» SOURCE INFORMATION
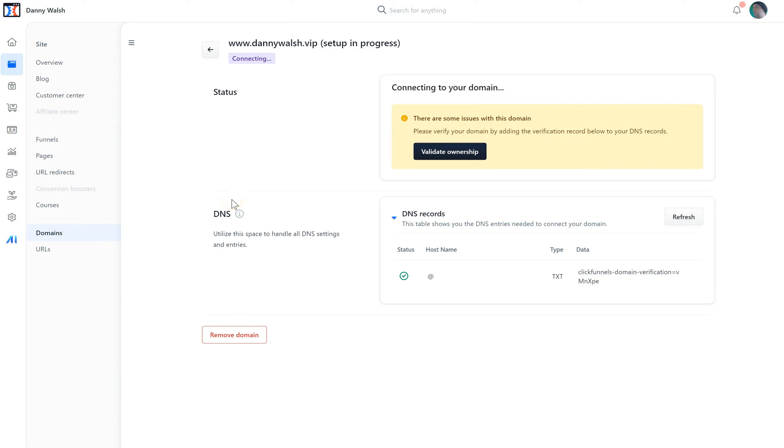Hey, it's Danny Walsh. As you know, we've used the domain name setup in ClickFunnels 2.0 to easily add a domain. Now I've come back to the page and refreshed it, and it's asking me to validate ownership of my domain. That might scare you, and you're like, oh man, I don't know how to do that.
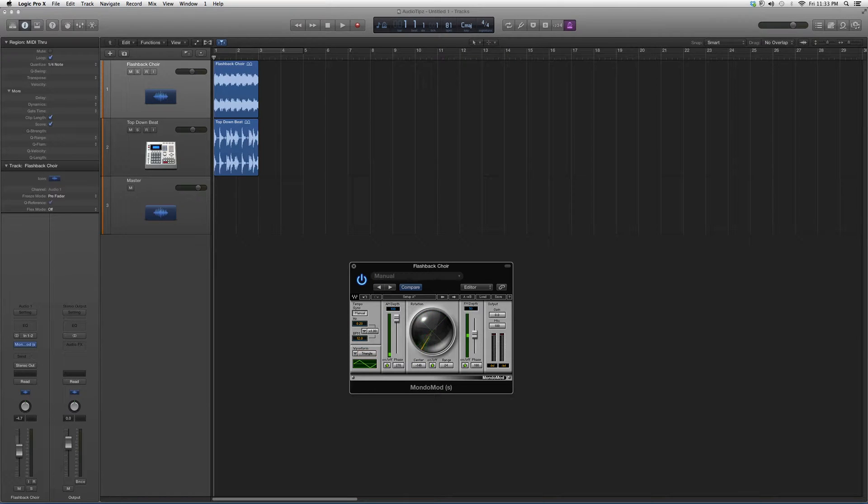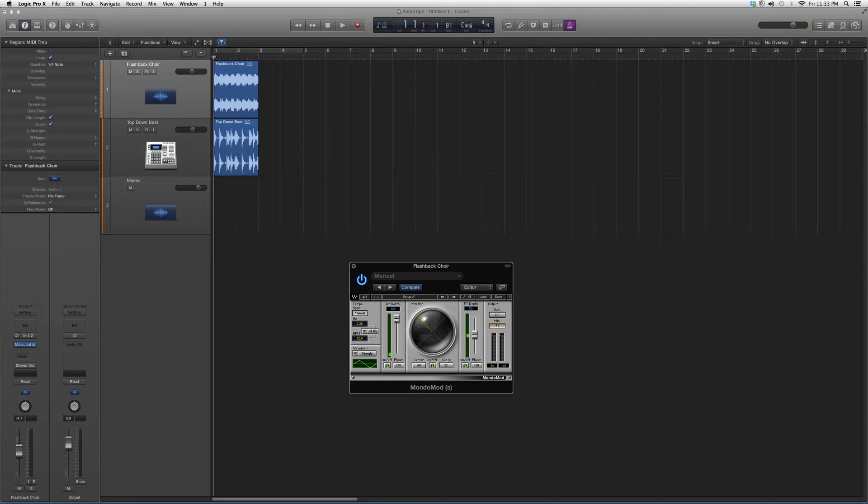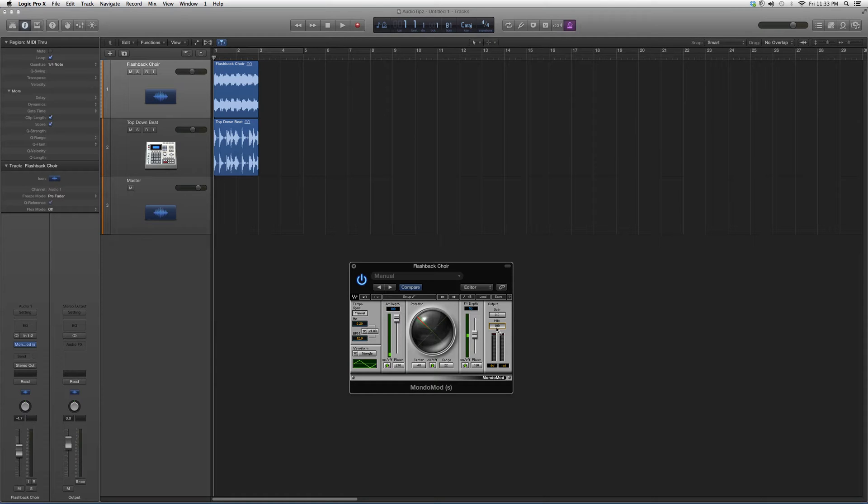You can basically center the vocal, take it to the left or to the right. You've got your opening and your mix, how much mix you want in it.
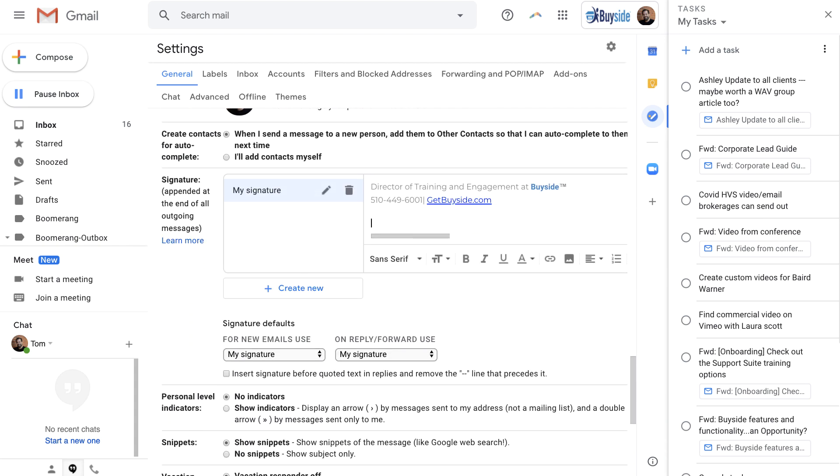Underneath all of the text, you can paste this here. And now, whenever you send an email to someone, they'll be able to run your home valuation site.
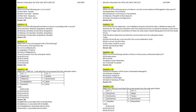Question 12. Given below are two statements, one labelled as Assertion A and the other as Reason R. Assertion A: The majority of peasants in the post-Gupta period were considered to belong to Shudra Varna. Reason R: A large-scale incorporation of tribes into caste systems started taking place from the post-Gupta period. Answer: A — Both A and R are correct and R is the correct explanation of A.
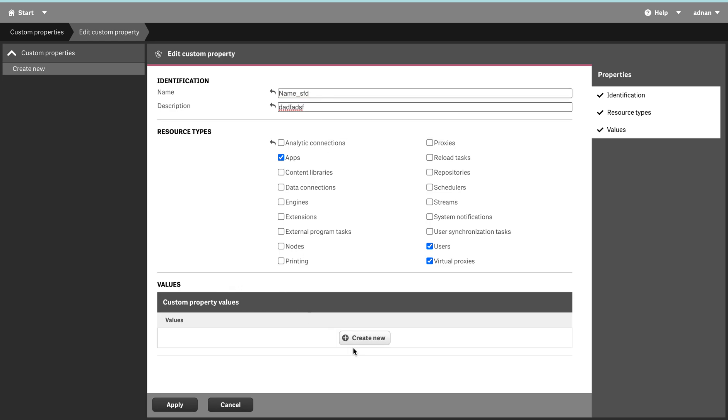Another thing about custom properties is that we have to define a list of values. That also safeguards you when you're using that for different security rules. If we just type in on the runtime, there might be small differences that can cause issues.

» PROMPT
Look at the listing and set down only the lines from its start through the line with "Underneath all of", word for word and without pictures.

» TASK ANSWER
Hey, it's Danny Walsh. As you know, we've used the domain name setup in ClickFunnels 2.0 to easily add a domain. Now I've come back to the page and refreshed it, and it's asking me to validate ownership of my domain. That might scare you, and you're like, oh man, I don't know how to do that.
You can basically center the vocal, take it to the left or to the right. You've got your opening and your mix, how much mix you want in it.
Underneath all of the text, you can paste this here. And now, whenever you send an email to someone, they'll be able to run your home valuation site.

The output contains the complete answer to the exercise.